Short web captions

►

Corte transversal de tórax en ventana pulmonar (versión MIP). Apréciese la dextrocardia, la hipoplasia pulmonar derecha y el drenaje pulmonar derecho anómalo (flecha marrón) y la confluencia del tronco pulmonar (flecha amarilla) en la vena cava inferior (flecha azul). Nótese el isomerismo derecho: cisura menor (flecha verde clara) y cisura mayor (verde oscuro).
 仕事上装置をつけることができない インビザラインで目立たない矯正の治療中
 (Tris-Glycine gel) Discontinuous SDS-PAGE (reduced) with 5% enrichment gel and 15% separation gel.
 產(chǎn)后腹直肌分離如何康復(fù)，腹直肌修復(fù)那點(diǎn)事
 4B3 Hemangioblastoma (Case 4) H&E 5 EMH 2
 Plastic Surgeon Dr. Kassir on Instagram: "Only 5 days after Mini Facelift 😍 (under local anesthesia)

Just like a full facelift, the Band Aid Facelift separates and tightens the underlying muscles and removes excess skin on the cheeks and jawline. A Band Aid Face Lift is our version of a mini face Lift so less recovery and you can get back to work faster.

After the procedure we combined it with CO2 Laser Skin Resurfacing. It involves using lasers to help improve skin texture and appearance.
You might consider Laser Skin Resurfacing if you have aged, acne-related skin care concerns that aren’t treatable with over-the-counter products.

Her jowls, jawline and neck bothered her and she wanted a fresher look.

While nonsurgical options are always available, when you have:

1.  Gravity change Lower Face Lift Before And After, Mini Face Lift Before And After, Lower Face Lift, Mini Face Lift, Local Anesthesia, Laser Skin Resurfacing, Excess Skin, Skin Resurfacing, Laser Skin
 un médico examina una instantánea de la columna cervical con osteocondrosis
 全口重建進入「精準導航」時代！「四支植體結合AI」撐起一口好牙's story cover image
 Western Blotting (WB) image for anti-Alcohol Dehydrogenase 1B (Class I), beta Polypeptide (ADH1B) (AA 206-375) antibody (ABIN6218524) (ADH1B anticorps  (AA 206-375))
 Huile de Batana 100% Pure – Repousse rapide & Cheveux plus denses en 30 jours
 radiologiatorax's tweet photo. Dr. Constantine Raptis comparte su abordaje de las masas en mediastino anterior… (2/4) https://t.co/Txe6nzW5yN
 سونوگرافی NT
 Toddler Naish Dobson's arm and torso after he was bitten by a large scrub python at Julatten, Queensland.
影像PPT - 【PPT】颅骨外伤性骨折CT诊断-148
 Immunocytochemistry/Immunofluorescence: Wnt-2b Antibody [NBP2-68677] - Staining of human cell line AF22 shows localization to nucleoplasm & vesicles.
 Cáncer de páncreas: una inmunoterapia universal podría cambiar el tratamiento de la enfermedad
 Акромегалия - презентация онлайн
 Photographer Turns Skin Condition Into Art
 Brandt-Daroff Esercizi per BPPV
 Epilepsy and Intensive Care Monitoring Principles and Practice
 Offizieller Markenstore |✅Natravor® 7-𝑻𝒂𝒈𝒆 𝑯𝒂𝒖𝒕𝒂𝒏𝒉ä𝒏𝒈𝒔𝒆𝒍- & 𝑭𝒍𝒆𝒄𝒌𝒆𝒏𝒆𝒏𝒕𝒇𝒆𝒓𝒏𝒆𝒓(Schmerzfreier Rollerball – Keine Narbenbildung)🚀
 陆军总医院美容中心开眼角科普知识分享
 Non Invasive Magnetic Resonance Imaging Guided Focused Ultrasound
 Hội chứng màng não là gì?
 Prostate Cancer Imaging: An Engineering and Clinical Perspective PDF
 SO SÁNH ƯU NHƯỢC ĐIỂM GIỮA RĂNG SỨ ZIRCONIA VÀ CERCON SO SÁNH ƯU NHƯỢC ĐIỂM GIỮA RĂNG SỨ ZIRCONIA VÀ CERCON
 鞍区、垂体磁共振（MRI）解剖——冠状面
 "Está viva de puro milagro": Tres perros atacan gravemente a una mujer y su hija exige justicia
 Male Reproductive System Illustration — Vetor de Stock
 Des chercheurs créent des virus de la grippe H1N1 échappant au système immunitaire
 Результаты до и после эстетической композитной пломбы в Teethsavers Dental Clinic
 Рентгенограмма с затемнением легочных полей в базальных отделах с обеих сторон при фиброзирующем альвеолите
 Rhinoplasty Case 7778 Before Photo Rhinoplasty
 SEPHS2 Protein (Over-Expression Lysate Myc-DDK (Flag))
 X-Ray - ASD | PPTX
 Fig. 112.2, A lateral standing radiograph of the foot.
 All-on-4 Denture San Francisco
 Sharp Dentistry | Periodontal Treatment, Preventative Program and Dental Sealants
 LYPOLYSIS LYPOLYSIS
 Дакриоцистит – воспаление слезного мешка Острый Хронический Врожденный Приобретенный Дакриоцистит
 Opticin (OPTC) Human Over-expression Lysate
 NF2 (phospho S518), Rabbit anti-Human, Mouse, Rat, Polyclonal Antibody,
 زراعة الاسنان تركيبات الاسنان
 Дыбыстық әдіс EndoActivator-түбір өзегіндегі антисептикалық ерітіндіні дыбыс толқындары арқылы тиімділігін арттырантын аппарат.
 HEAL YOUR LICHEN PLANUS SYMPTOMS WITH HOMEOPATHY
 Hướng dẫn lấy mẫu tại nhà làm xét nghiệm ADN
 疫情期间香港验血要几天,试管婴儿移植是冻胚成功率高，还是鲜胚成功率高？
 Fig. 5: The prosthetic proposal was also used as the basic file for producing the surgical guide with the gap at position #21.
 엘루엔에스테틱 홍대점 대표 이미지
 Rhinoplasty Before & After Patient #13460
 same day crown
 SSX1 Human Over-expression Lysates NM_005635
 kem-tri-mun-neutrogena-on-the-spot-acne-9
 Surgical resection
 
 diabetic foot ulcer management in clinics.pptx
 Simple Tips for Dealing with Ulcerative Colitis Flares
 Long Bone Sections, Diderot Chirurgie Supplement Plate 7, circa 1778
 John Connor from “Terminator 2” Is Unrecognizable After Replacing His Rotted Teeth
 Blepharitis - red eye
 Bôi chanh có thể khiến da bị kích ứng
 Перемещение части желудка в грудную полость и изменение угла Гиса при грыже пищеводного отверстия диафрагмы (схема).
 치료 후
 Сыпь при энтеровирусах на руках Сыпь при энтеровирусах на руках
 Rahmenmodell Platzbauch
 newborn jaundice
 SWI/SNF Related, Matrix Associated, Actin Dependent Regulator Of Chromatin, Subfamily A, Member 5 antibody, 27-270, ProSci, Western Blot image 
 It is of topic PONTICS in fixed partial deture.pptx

◄

- **Activity**
Read the records above. Show each line that has the string "have".

- **Solved problem**
You might consider Laser Skin Resurfacing if you have aged, acne-related skin care concerns that aren’t treatable with over-the-counter products.
While nonsurgical options are always available, when you have:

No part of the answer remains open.